Takeaway #1: "C and C++ are different: don’t mix them, and don’t mix them up"
This is how I managed to sneak C++ into an embedded C codebase. We even created some templates for data structures that supported static allocation at compile time.
Sooo... yeah... I should definitely change company!
https://herbsutter.com/2012/05/03/reader-qa-what-about-vc-an...
I guess what you're really asking is what are the best or most common ways to do OO in C?
Another big one that I always forget C still doesn't support is function overloading.
Where can I find something about objects being "think of your code as representing the state and interactions of objects" honesty totally new to me.
So no, certainly I'm not asking ways to do OO in C. But it seems to be more definitions of object orientation as I thought...
Yes you can do it less cleanly with macros or inline functions. But you can't do it performantly with struct and function pointers.
C++ imo doesn't offer anything compelling for the embedded usecase. Especially not considering all the footguns and politics it brings.
You can of course be strict and diligent about it but if you are you are pretty much just writing C anyway. Better to do it explicitly.
Allowing the use of the C++ standard library has been one of my biggest regrets (not that it was my decision to make, I fought it).
But why would you do that if you have an instrument that lets you work at the same level as C, but with methods provided as a proper abstraction that maps exactly to what you'd have written yourself anyway?
If you do that, you'll notice that, for example, encapsulation is not a part of that de facto definition, because languages like Python and (until recently) JavaScript lack it, despite being considered OO.
Indeed, the only two things that appear to be consistently present in all OO languages are: 1) some notion of object identity as distinct from object state, and 2) runtime polymorphic dispatch.
But I write ; i++){ and seeing it the other way round throws me off for a minute, because I think, as you put it, why would you use those very particular semantics?

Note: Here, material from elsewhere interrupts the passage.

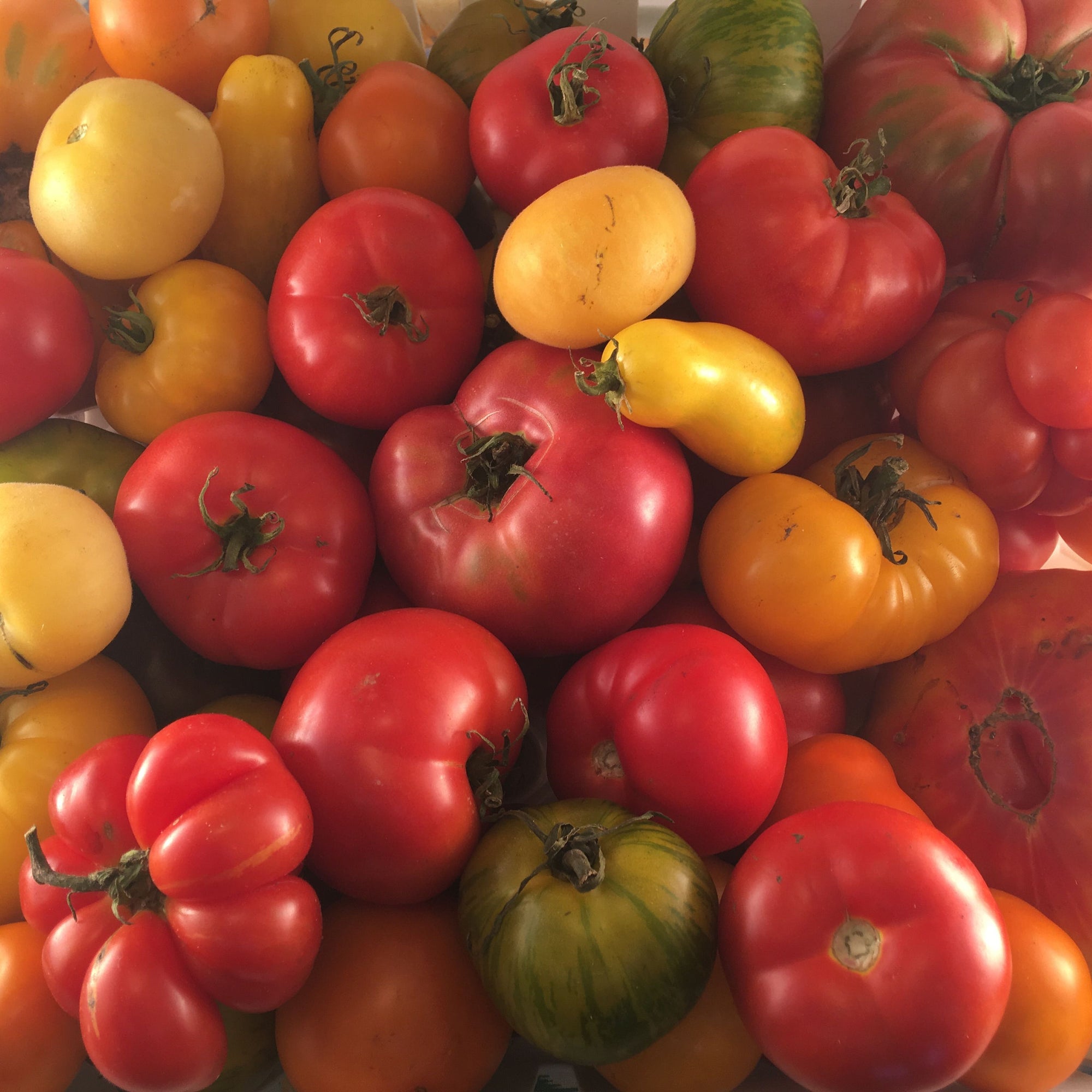 Un coffret de Toutes Les Tomates de Tourne-Sol de la marque Tourne-Sol.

But I guess this is only a semantic argument.
This is not one of those beginner -> journeyman -> expert cycles where coincidentally the way you wrote it as a beginner is identical to how an expert writes it but for a very different reason. I'd expect experts are very comfortable writing either { x = k; k += 1; } or { k += 1; x = k; } depending on which they meant and don't feel an itch to re-write these as { x = k++; } and { x = ++k; } respectively.
I'm slightly surprised none of the joke languages add equally frivolous operators. a%% to set a to the remainder after dividing a by 10, or b** to set b as two to the power b or some other silliness.

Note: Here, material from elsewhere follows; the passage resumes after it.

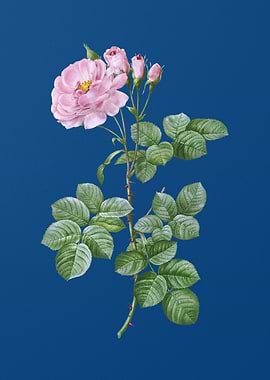 Blooming Damask Rose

If you're asking why people use pre-increment by default instead of post-increment, it's mostly historical. The early C compilers on resource-constrained platforms such as early DOS were not good at optimization; on those, pre-increment would be reliably translated to a simple ADD or INC, whereas code for post-increment might generate an extra copy even if it wasn't actually used.
For C++ this was even worse with iterators, because now it depended on the compiler's ability to inline its implementation of postfix ++, and then prove that all the copies produced by that implementation have no side effects to optimize it to the same degree as prefix ++ could. Depending on the type of the underlying value, this may not even be possible in general.

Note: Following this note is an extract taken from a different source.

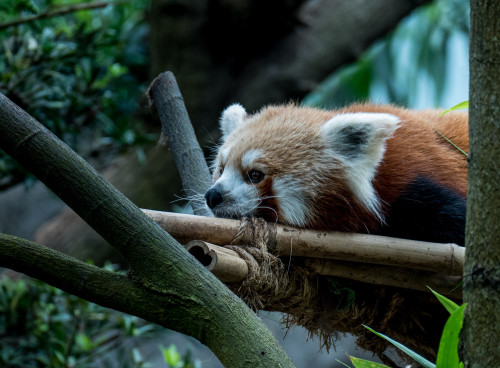 Red panda (Ailurus fulgens)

The other reason is that all other unary operators in C are prefix rather than postfix, and mixing unary prefix with unary postfix in a single expression produces code that is easy to misunderstand. E.g. *p++ is *(p++), not (*p)++, even though the latter feels more natural, reading it left-to-right as usual. OTOH *++p vs ++*p is unambiguous.
> it is hard to say no to you, and I’m sorry to say it. But we have to choose a focus, and our focus is to implement (the standard) and innovate (with extensions like everyone but which we also contribute for potential standardization) in C++.
I mean, yeah if it came from a two member team at a startup, sure focus on C++, understandably. But Microsoft, what happened to "Developers! Developers! Developers!"?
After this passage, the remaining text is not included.